The Inbetweeners Movie
The Inbetweeners Movie, known simply as The Inbetweeners in North America, is a 2011 British coming-of-age comedy film based on the E4 sitcom The Inbetweeners, written by series creators Damon Beesley and Iain Morris and directed by Ben Palmer. The film follows the misadventures of a group of teenage friends on holiday in Malia after the end of their final year at school together, and was intended as an ending to the TV series. It stars Simon Bird, Joe Thomas, James Buckley and Blake Harrison. The Inbetweeners Movie was released on 17 August 2011 in the UK and Ireland by Entertainment Film Distributors, to favourable reviews, although its later release in the United States was not as well received. It was a commercial success, setting the record for the biggest opening weekend for a comedy film in the UK. A sequel, The Inbetweeners 2, was released on 6 August 2014.
Plot
Teenage friends Will McKenzie, Simon Cooper, Jay Cartwright, and Neil Sutherland have just finished their A-levels and are about to leave Rudge Park Comprehensive, much to the relief of their sardonic head of sixth form, Mr. Gilbert. Within their final week of school, Jay's grandfather dies; Simon is dumped by his girlfriend Carli D'Amato; Neil is in a relationship with a girl he works beside at ASDA called Nicole and Will's estranged father tells him that he has married his much younger mistress. To celebrate leaving school, the boys decide to go on a “lads holiday” together to Malia, Crete.The boys arrive and are at first put off by their shabby hotel. They venture out to the night time bars in the town centre and meet a group of four girls: Alison, Lucy, Lisa, and Jane. Their initial meeting does not go smoothly, after the boys first embarrass themselves by dancing comically in an attempt to impress the girls, their conversations with them are equally inadequate; Jay is put off by Jane due to her weight, whilst Simon is too busy complaining about Carli to Lucy to notice her attraction towards him and Neil sits with Lisa in silence before going off with a portly, middle-aged Northern woman. Will and Alison seem to get on quite well, sharing similar personality traits, however Alison is already in a relationship with a local Greek waiter called Nicos. Despite this, the girls arrange to meet the boys at their hotel the next day. Outside the bar, Simon sees Carli across the street and is at first uncontrollably overjoyed, until he's knocked down by a quad bike driven by Carli's new love interest, James, a cocky, arrogant club rep. Carli reveals that she is going to an all-day boat party later in the week as part of her last day in Malia, and Simon promises to meet her there. Will and Simon head back to the hotel, whilst Jay and Neil continue partying at the bars.

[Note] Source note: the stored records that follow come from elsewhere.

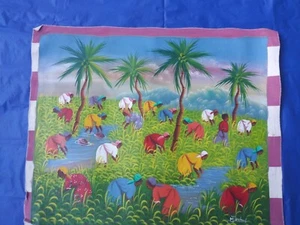 painting on canvas Haiti collection of 5 paintings original unique art work 2008 - Picture 1 of 12
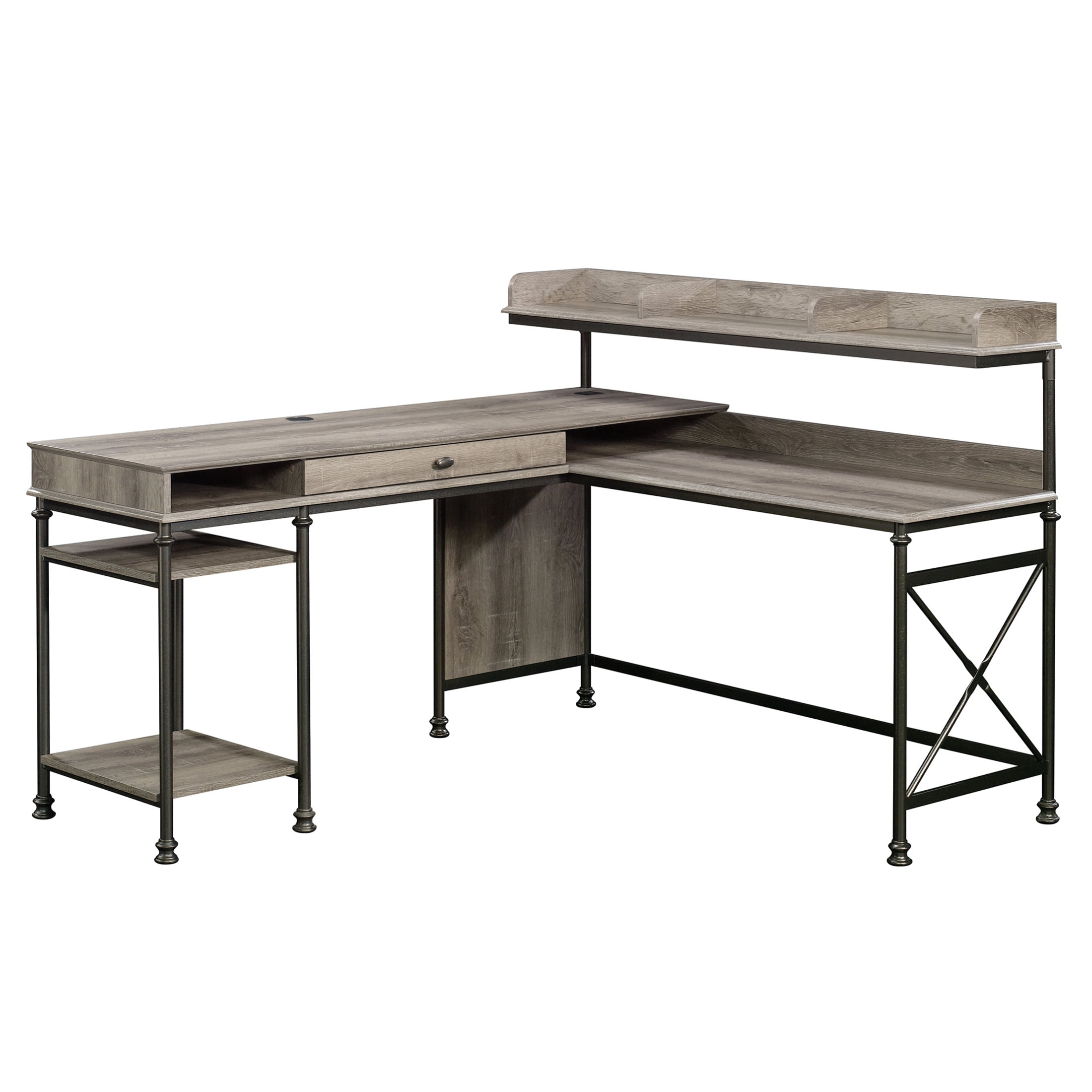 Sauder Canal Street L Shaped Computer Desk, Northern Oak Finish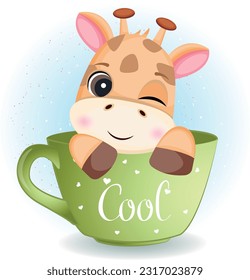 Cute little Giraffe sitting inside the cup
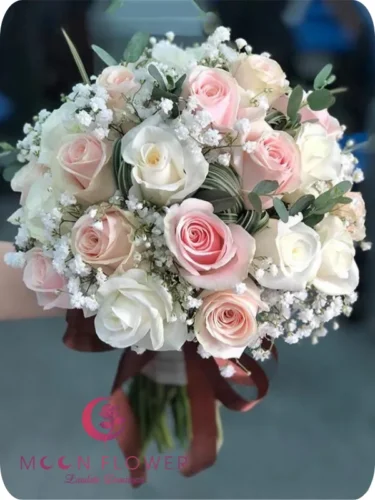 Hoa cưới cầm tay (SET23) Xe hoa cưới mầu trắng hồng - Song Hỷ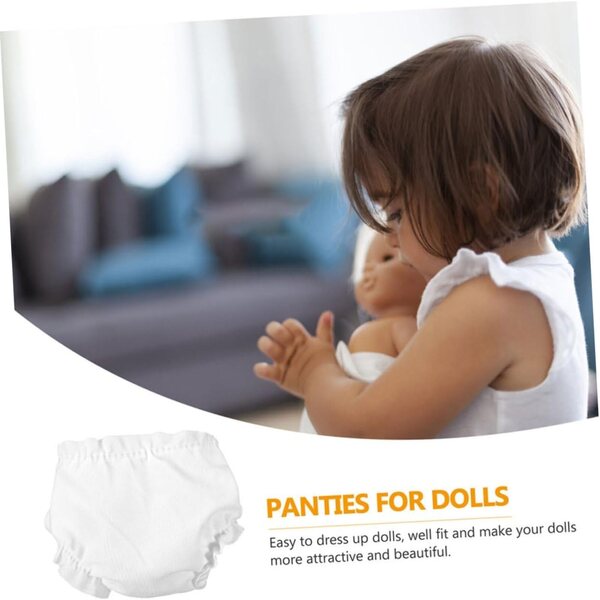 Set 6 Culottes Bianche Lavabili per Bambole 10 Pollici - Accessori Miniature in Tessuto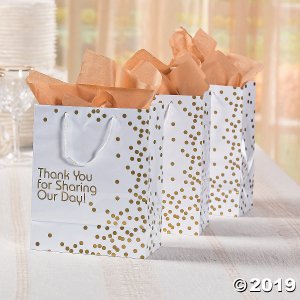 Medium Gold Wedding Dot Gift Bags with Tags (Per Dozen)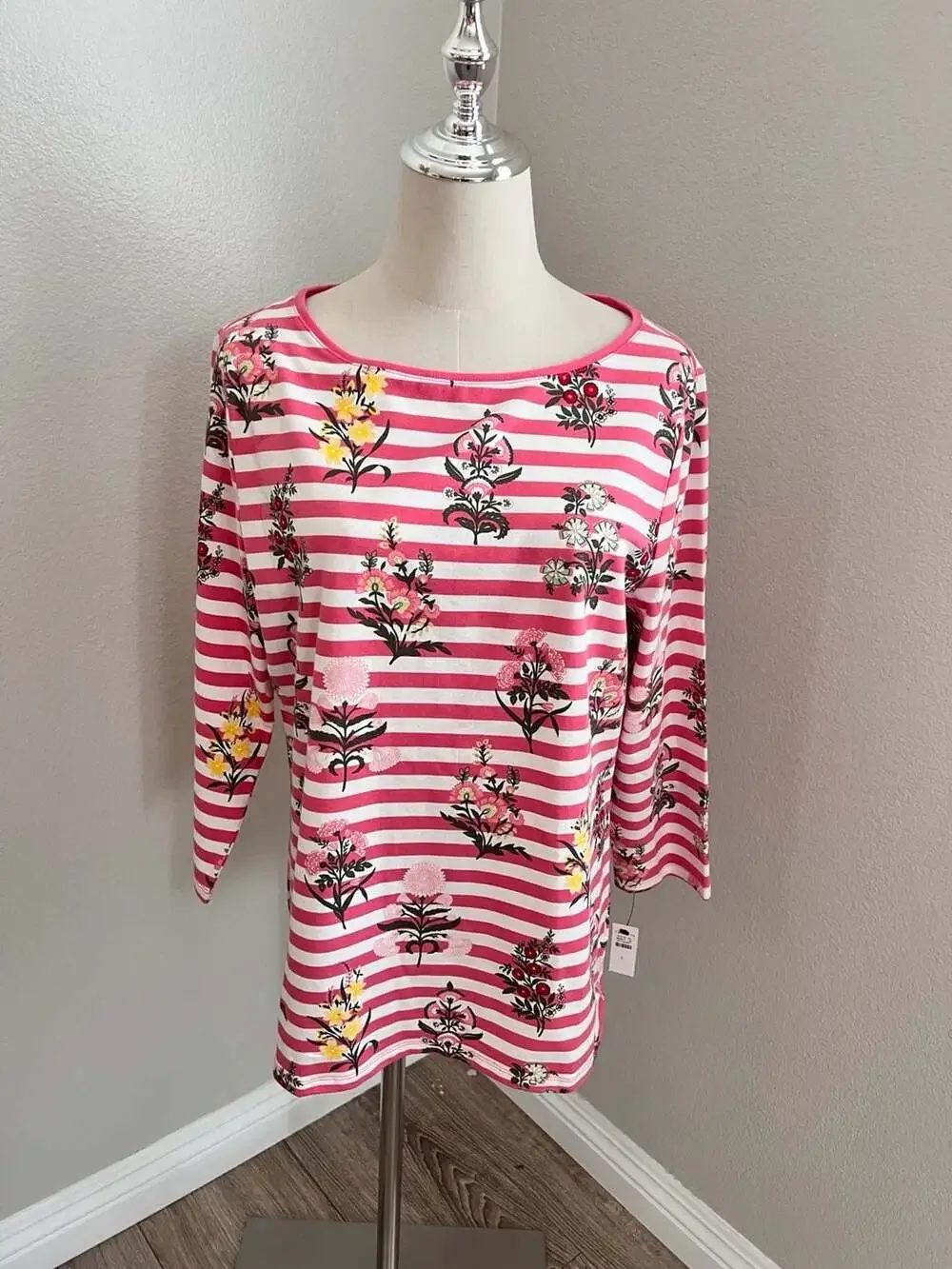 Talbots Women's 3/4 Sleeve Striped Floral Print Cotton-Spandex Tee - Picture 1 of 5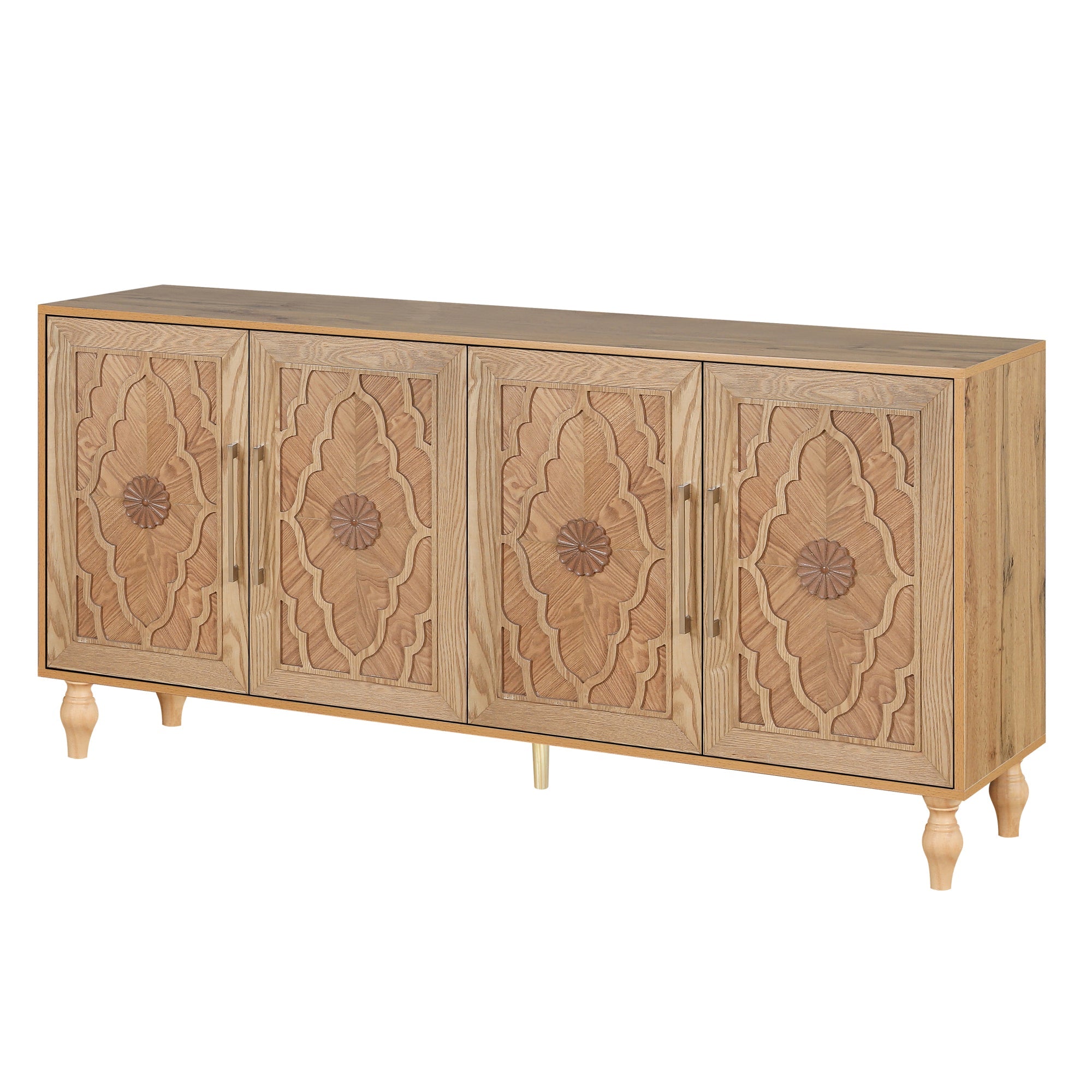Bespokee Carved Flower Door Large Storage Cabinet With Metal Handle - Cabinets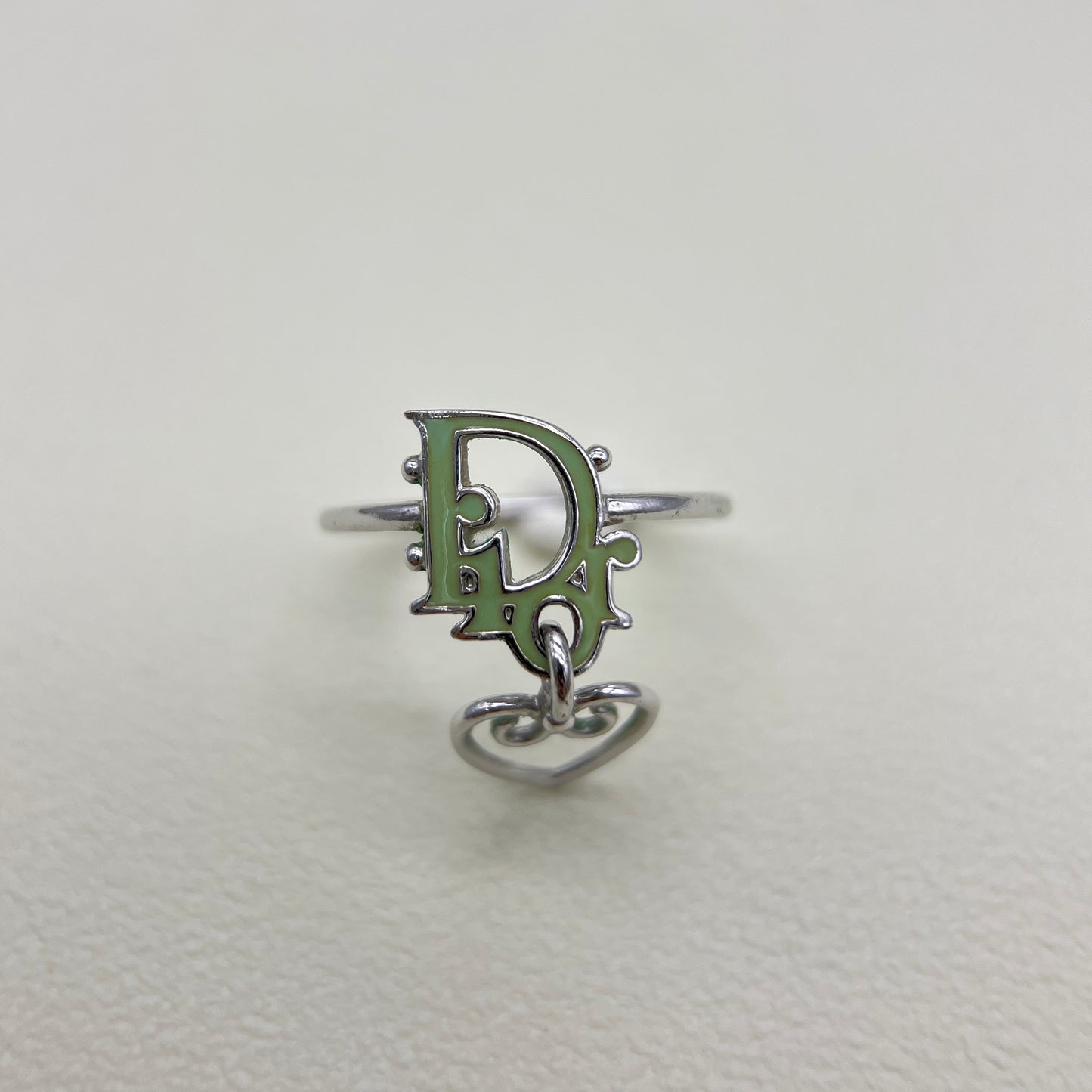 Christian Dior Vintage Dior Logo and Heart Silver Ring #13.5
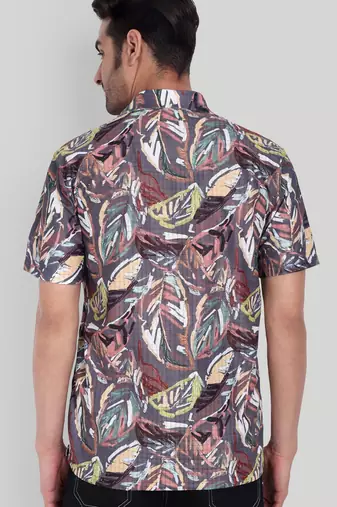 Brown color smart cotton blended  designer printed graceful casual shirt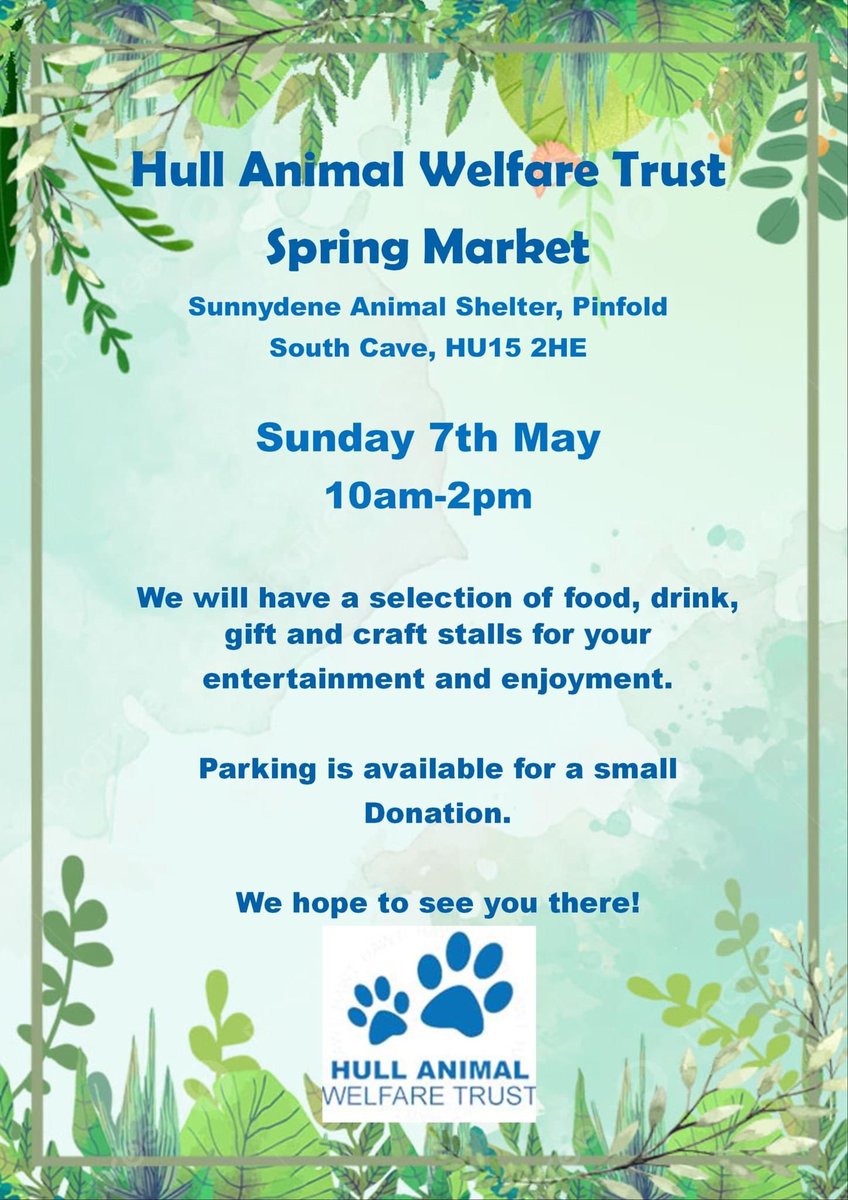 SPRING MARKET 

We are holding a Spring Market at our centre in South Cave. 

This is on Sunday 7th May at 10am-2pm. 
Parking is available for a small 
Donation.

We hope to see you there!

#charity #community #springtime #stalls #food #drinks  #eastyorkshire #rescuecentre
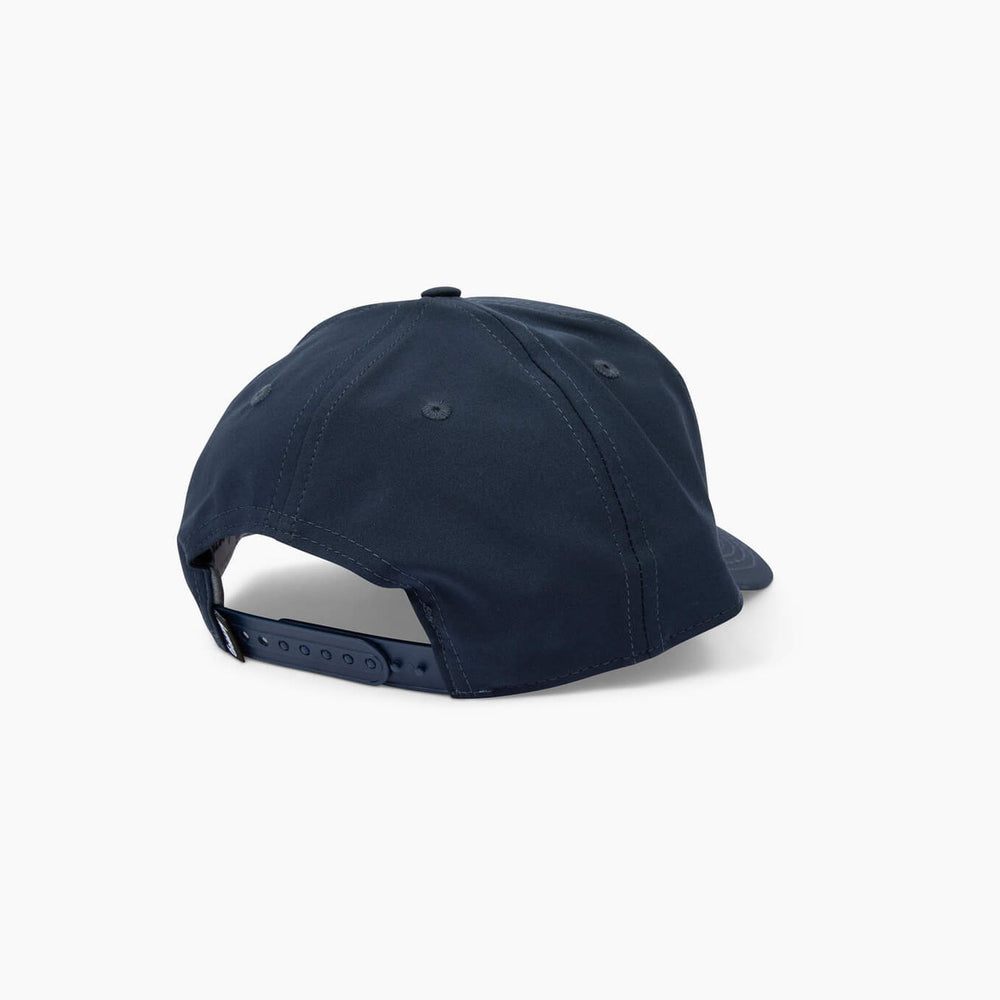 Back of navy blue cap on a white background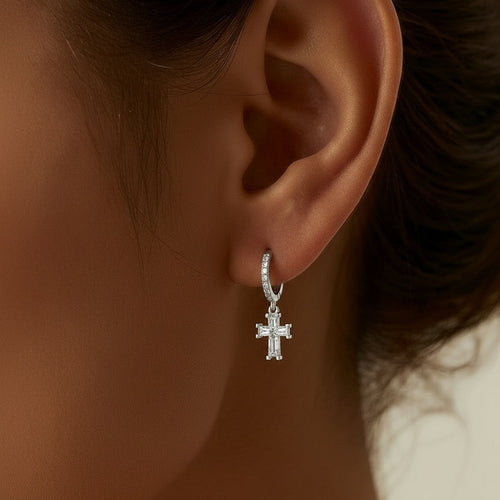 Load image 1 in gallery view. ETERNAL CROSS PAVÉ HOOP EARRINGS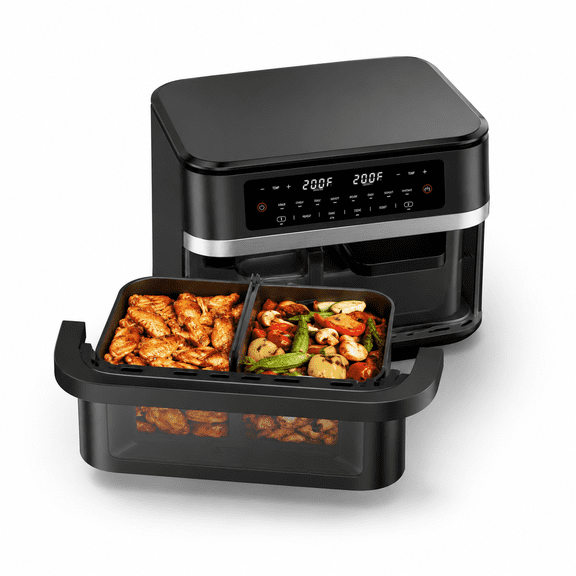 12qt 12-in-1 Black Dual Air Fryer with Flex Basket and 50 Paper Liners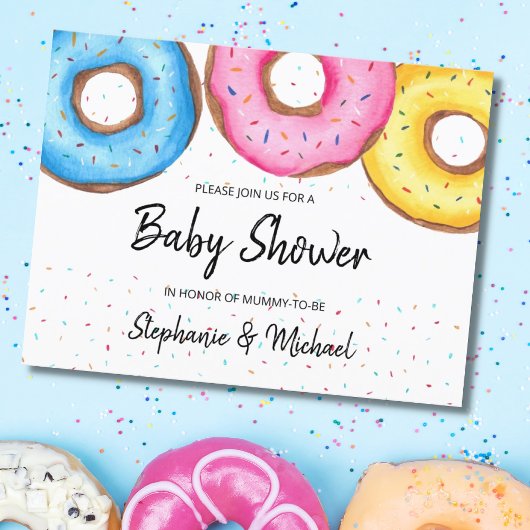 Donuts Couples Baby shower Invitation Briefkaart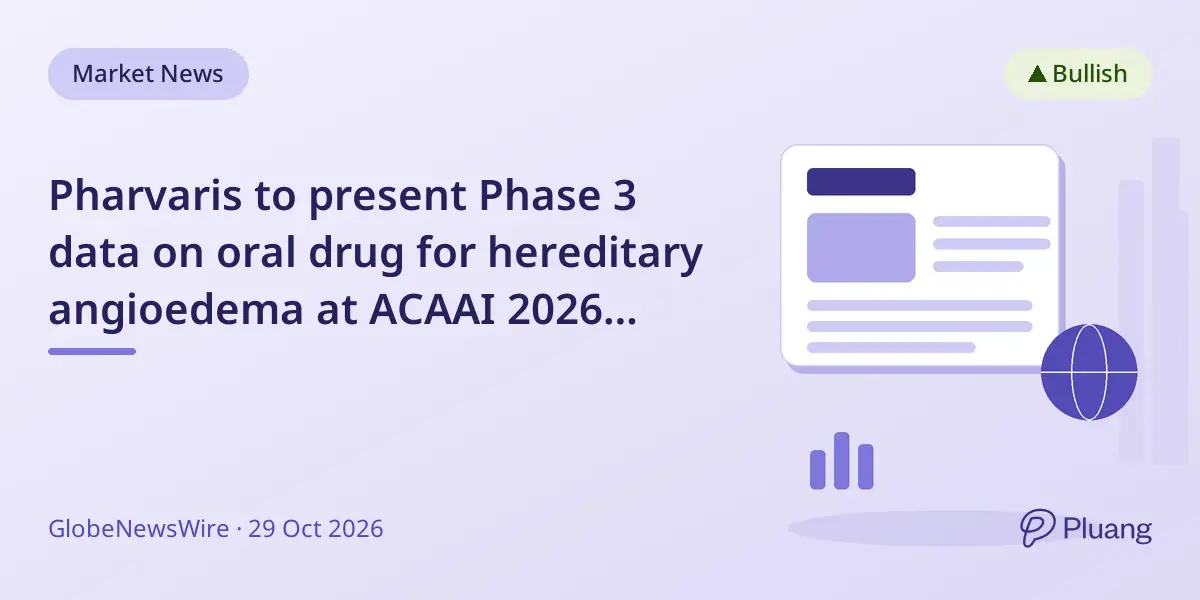 Pharvaris to present Phase 3 data on oral drug for hereditary angioedema at ACAAI 2026 meeting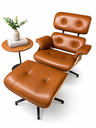 Ver imagem 2 de Poltrona Charles Eames com Puff - Couro Tijolo I Freijó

The next day, Will and Simon awaken to the noise of Neil having oral sex from the same middle-aged woman and find Jay had fallen asleep outside on top of an ant hill. The boys meet the girls at their hotel, but after Jay throws a family's towels off their reserved sun beds and an annoying nine-year old Greek boy who can't swim into the pool, they are asked to leave. Jay and Simon get into an argument over Simon's continuing obsession with Carli and Jay's continual false claims over sexual experiences and they brawl in the street, embarrassingly, until Will and Neil separate the pair. Desperate to buy a ticket for the boat party to try to reconcile with Carli, Simon naively sells all of his clothes to James, including the clothes that he is wearing, but receives no payment for it after waiting hours for him to "return". Meanwhile, it's revealed Jay had bought four boat party tickets the previous night, but he angrily tears up Simon and Will's after the fight. He and Neil then go to a club where they encounter James and his friends and try to befriend them, but James verbally abuses the pair and even throttles Jay, forcing them to leave. Later that evening, the four boys meet back at the empty bar and make up; Simon borrows clothing from the others for the rest of the trip. The girls then turn up and Will and Alison, Simon and Lucy and Jay and Jane all start to grow close to each other. The girls then suggest that they all go skinny dipping at the local beach. Jane attempts to kiss Jay, but when two men poke fun at her being overweight and Jay pulls away embarrassed, she leaves him behind. Will and Alison share a brief moment of intimacy, until she spots her boyfriend, Nicos, having sex with another woman, and she leaves distraught by what she had just witnessed. In the sea, Lucy and Simon are about to kiss, but Simon sees Carli on the beach and leaves Lucy alone in the sea, angering her. With all the girls having left in disgust, the boys, feeling down, decide to go out and get drunk.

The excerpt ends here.